--- Task prompt ---
Only the lines from the one holding "british shorthair malattie comuni" through the end of the material are to be repeated, exactly and without pictures.

--- Given information ---

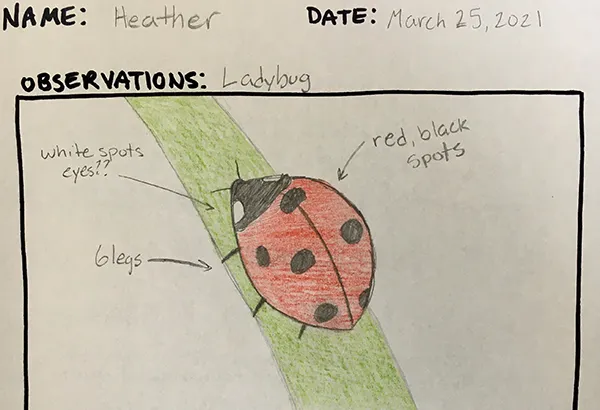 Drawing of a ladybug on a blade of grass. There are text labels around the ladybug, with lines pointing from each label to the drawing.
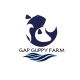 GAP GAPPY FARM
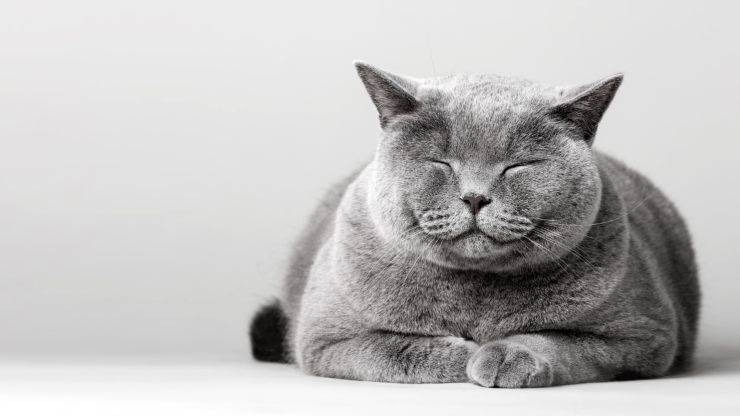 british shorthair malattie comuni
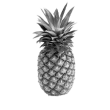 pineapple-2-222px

--- Output of the task ---
 british shorthair malattie comuni
 pineapple-2-222px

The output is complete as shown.